A Strategy for Dealing with Outliers

Motivation:

Outliers (unusual data points) can have a strong influence on analysis in terms of affecting the slope and/or y-intercept in the regression equation. A single point can change the analysis in such a way as to give a conclusion that may not be accurate. We must decide how to handle these outlying observations. A strategy for dealing with outliers will be discussed in this lesson.

What you need to know from this lesson: After completing this lesson, you should be able to

decide if a data point is an outlier
explain when an outlier is influential
decide what strategy to use with outliers

To accomplish the above “What You Need to Know”, do the following:

1. Attend lecture and answer the questions on the following pages of this lesson.
2. Section 2.6 in the text has some discussion about outliers (Regression Caution #3 on page 128)
3. Do the Lesson 15 questions at the end of the lesson notes

The Lesson

The Long-Jump Example:

The long jump is a track and field event in which a competitor attempts to jump a maximum distance into a sand pit after a running start.
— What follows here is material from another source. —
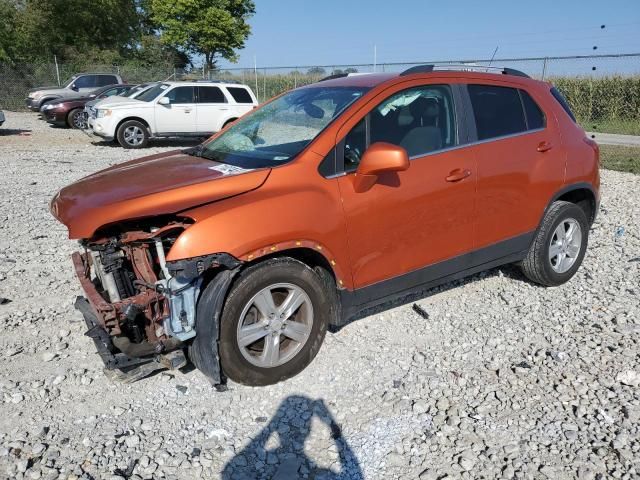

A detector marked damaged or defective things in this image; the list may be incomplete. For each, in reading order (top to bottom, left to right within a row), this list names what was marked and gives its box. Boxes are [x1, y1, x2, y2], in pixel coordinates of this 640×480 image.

crushed front end [72, 220, 238, 382]
damaged orange suv [51, 65, 600, 386]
At the edge of the sand pit is a takeoff board. Jumpers usually try to plant their toes at the front edge of this board to maximize jumping distance. The absolute distance between the front edge of the takeoff board and the spot where the toe actually lands on the board prior to jumping is called “takeoff error.” Is takeoff error in the long jump linearly related to best jumping distance? To answer this question, let’s use the data below collected on 18 novice long jumpers at a high school track meet. The average takeoff error and best jumping distance (out of 3 jumps) for each jumper are recorded.

### LONG JUMP DATA ###
best_jump<-c(5.30, 5.55, 5.47, 5.45, 5.07, 5.32, 6.15, 4.70, 5.22, 
             5.77, 5.12, 5.77, 6.22, 5.82, 5.15, 4.92, 5.20, 5.42)
avg_takeoff<-c(.09, .17, .19, .24, .16, .22, .09, .12, .09,
               .09, .13, .16, .03, .50, .13, .04, .07, .04)

1. What is the response variable? What is the explanatory variable?
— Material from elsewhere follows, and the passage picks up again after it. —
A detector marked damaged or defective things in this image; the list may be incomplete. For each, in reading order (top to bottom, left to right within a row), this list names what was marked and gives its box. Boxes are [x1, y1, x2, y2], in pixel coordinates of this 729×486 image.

Response: Best jump distance (meters)
Explanatory: Average takeoff error (meters)

2. Below is the scatterplot of best jump distance vs. average takeoff error. Describe the relationship between a jumper’s best jump distance and their average takeoff error. What do you notice about one of the data points?

### SCATTERPLOT ###
plot(avg_takeoff, best_jump,pch=16, 
     xlab="Average Takeoff Error (meters)", 
     ylab="Best Jump Distance (meters)", 
     main="Scatterplot of Takeoff Error vs Jump Distance")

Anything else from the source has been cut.